*Problem*:
With the pictures set aside, write out all of the data exactly as it stands.
+++ Material for this task +++
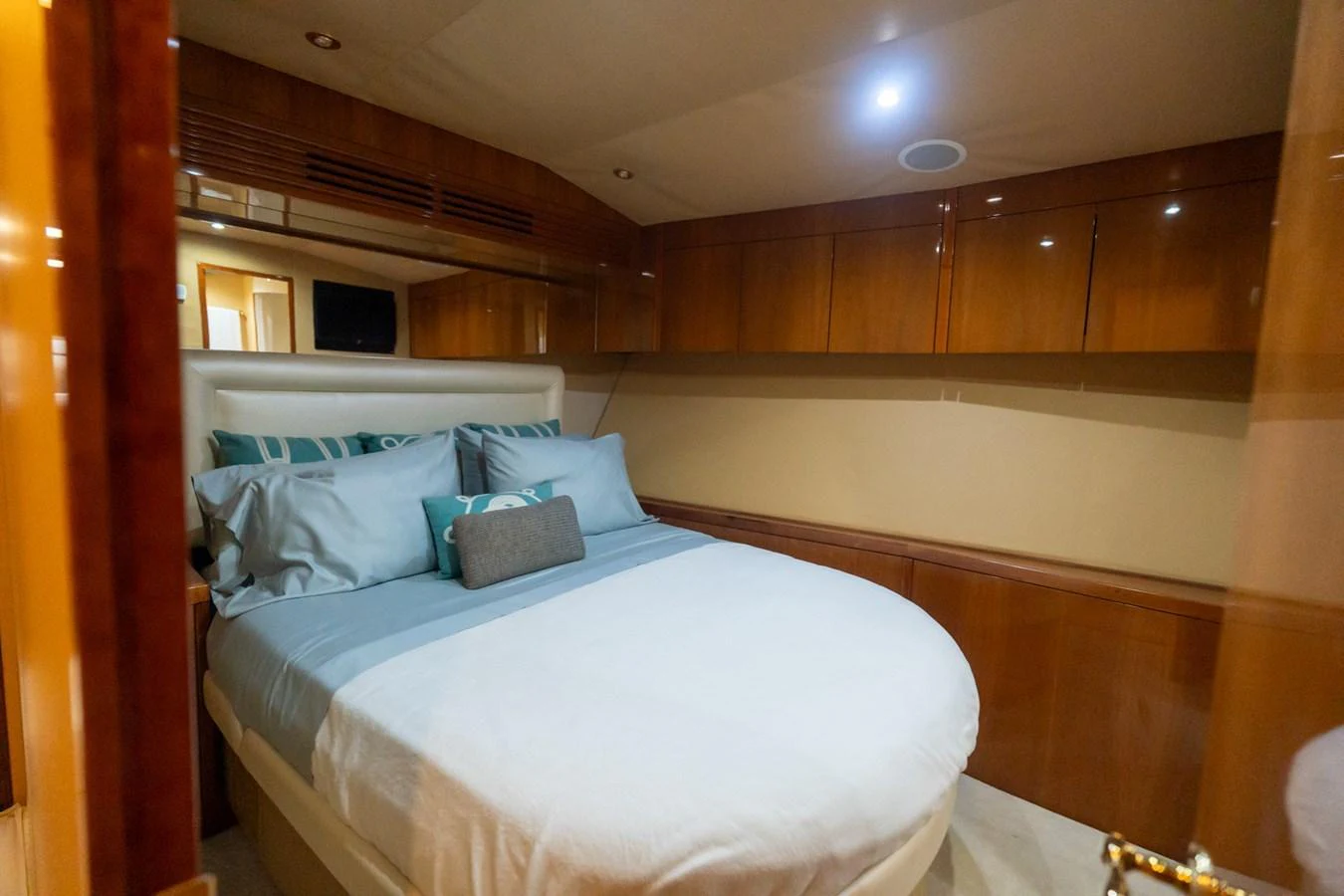 A cozy stateroom with a comfortable bed and elegant wood paneling. aboard VIDA 1 Yacht for Sale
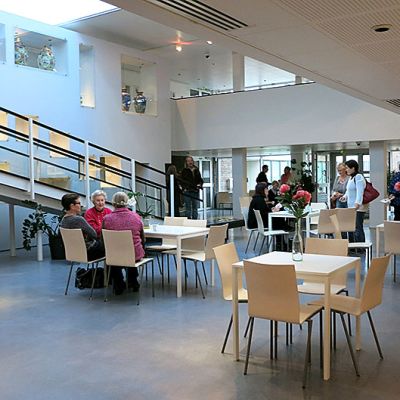 Ihmisiä istuu taidemuseon aulakahviossa.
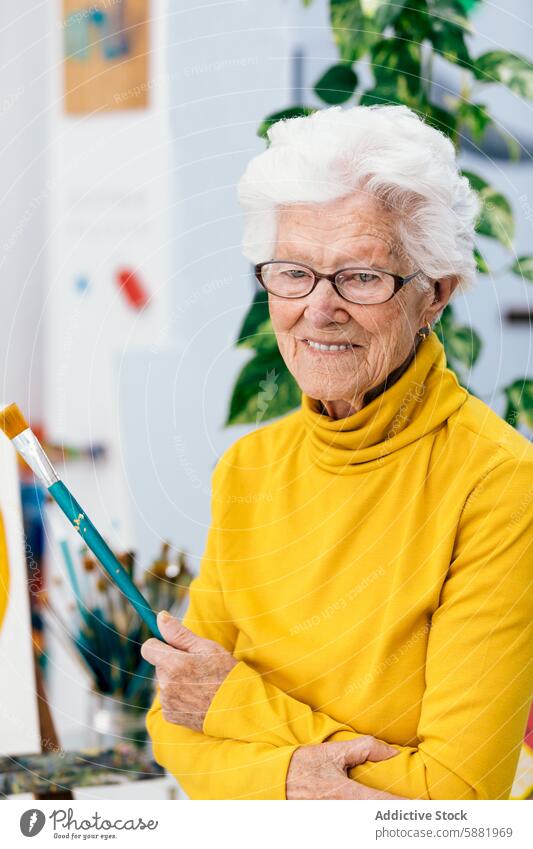 Elderly woman artist holding a paintbrush in a studio elderly senior mature painting cheerful yellow turtleneck supplies creativity hobby leisure crafting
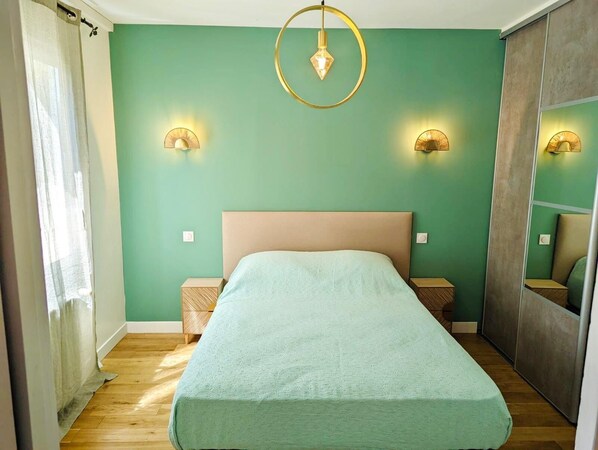 Un dormitorio con una cama, dos mesitas de noche, un espejo y una lámpara colgante.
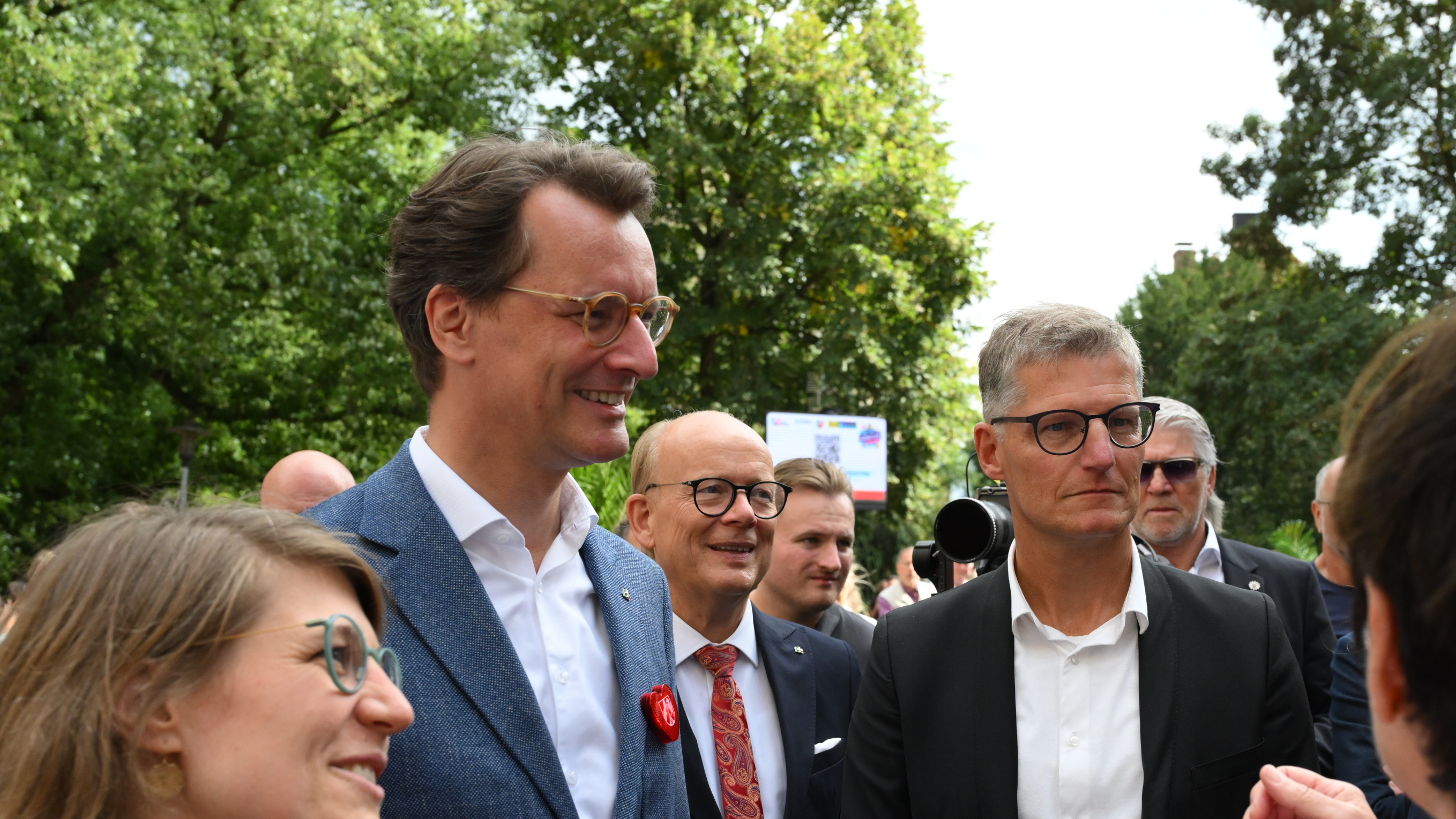 Ministerpräsident Hendrik Wüst und Oberbürgermeister Tilman Fuchs sowie weitere Personen auf einem Rundgang in der Innenstadt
+++
*Output for this exercise*:
 A cozy stateroom with a comfortable bed and elegant wood paneling. aboard VIDA 1 Yacht for Sale
 Ihmisiä istuu taidemuseon aulakahviossa.
 Elderly woman artist holding a paintbrush in a studio elderly senior mature painting cheerful yellow turtleneck supplies creativity hobby leisure crafting
 Un dormitorio con una cama, dos mesitas de noche, un espejo y una lámpara colgante.
 Ministerpräsident Hendrik Wüst und Oberbürgermeister Tilman Fuchs sowie weitere Personen auf einem Rundgang in der Innenstadt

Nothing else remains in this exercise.